Dylann Roof, the alleged gunman who killed nine black churchgoers in Charleston, S.C., this June, had photographed himself holding the flag and made clear he was motivated by racism. South Carolina legislators later voted to remove the Confederate flag from the State House grounds.
Each state has two statues on display in the Capitol’s National Statuary Hall; the other Floridian there is John Gorrie of Apalachicola, a pivotal figure in the invention of air conditioning.
The drumbeat to remove Smith’s statue, commissioned in 1922, has been growing in recent months.
Democratic campaign consultant Steve Schale opined that Smith, among other things, was never really a Floridian.

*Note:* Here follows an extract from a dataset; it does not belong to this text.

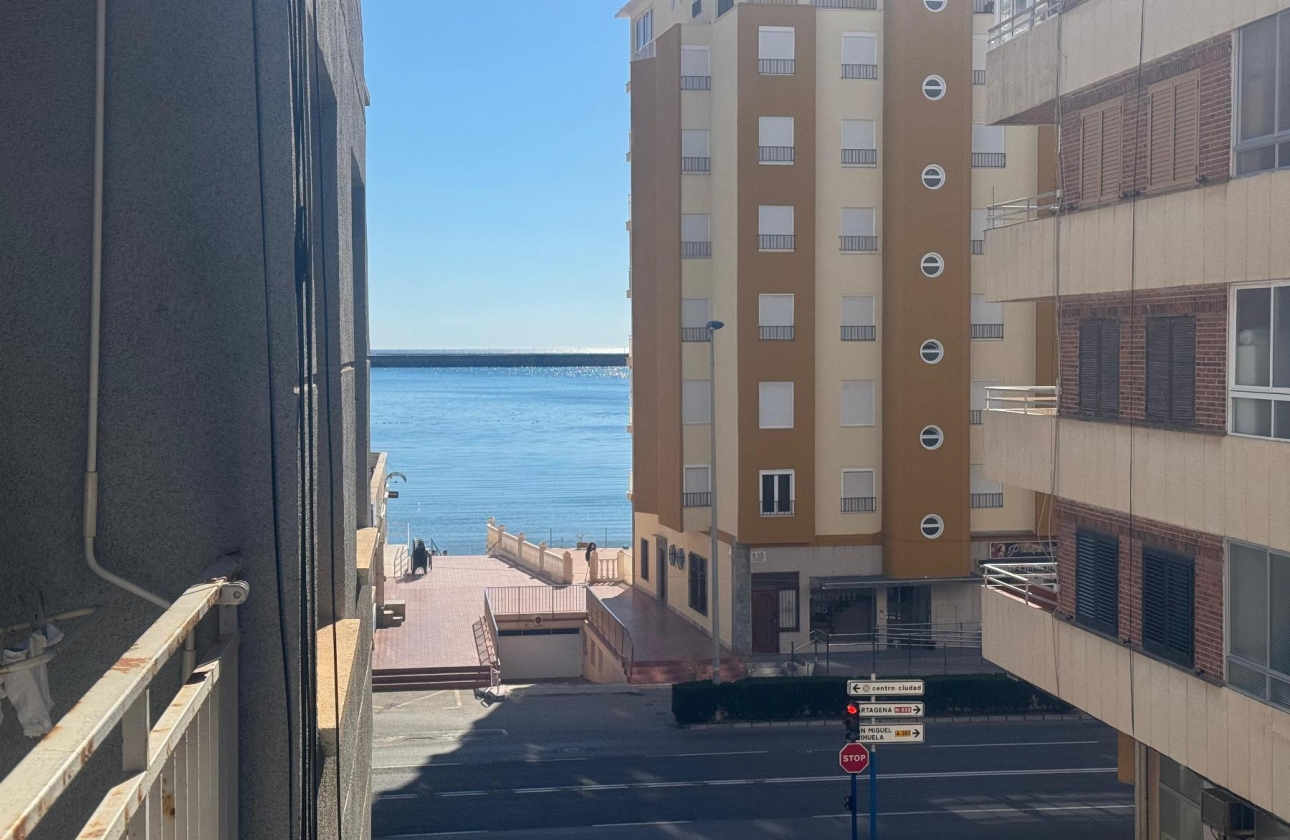Resale - Apartment - Torrevieja - Acequion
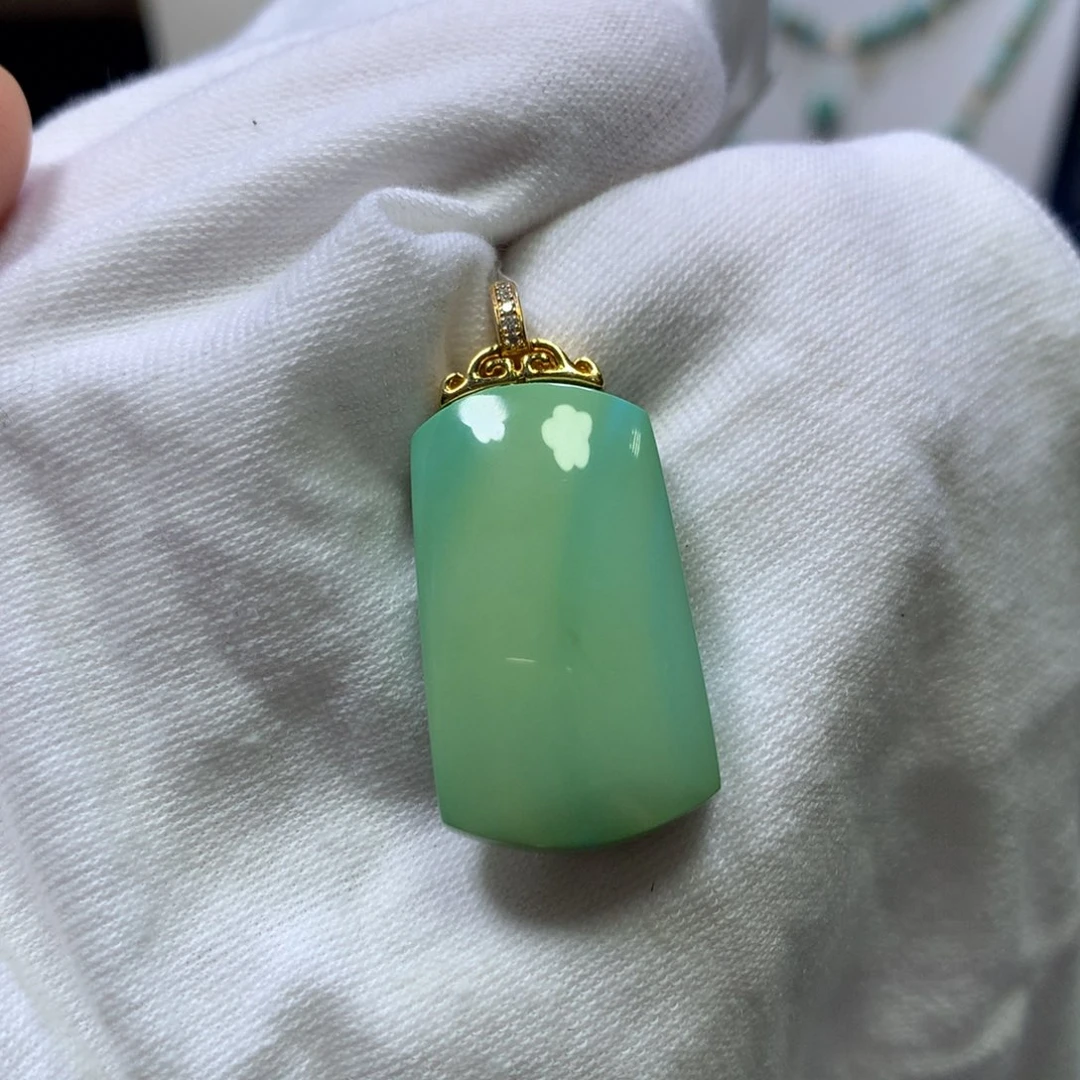 绿松石18K金镶嵌挂件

He left the state “as a child, never to return.”
“His life had little impact on the trajectory of our state’s history,” Schale wrote. “… Kirby Smith is as much a Floridian as I am a son of Illinois, a state I left at the age of 10.”
Democratic Congresswoman Kathy Castor of Tampa also has agitated against Gen. Smith.
“Leaders such as Mary McLeod Bethune, Marjory Stoneman Douglas, and many others have made more lasting and positive contributions to our great state,” she said in a statement. “Several states have recently revisited the historical representation of their statues in the Capitol and it is time for Florida to do the same.”
Other states have traded out statues. This year, Arizona replaced John Campbell Greenway – described as a war hero and controversial copper-mining executive from the late 1800s-early 1900s – with U.S. Sen. Barry Goldwater, a 20th century conservative icon.
Goldwater also was the 1964 Republican presidential nominee against Democrat Lyndon B. Johnson.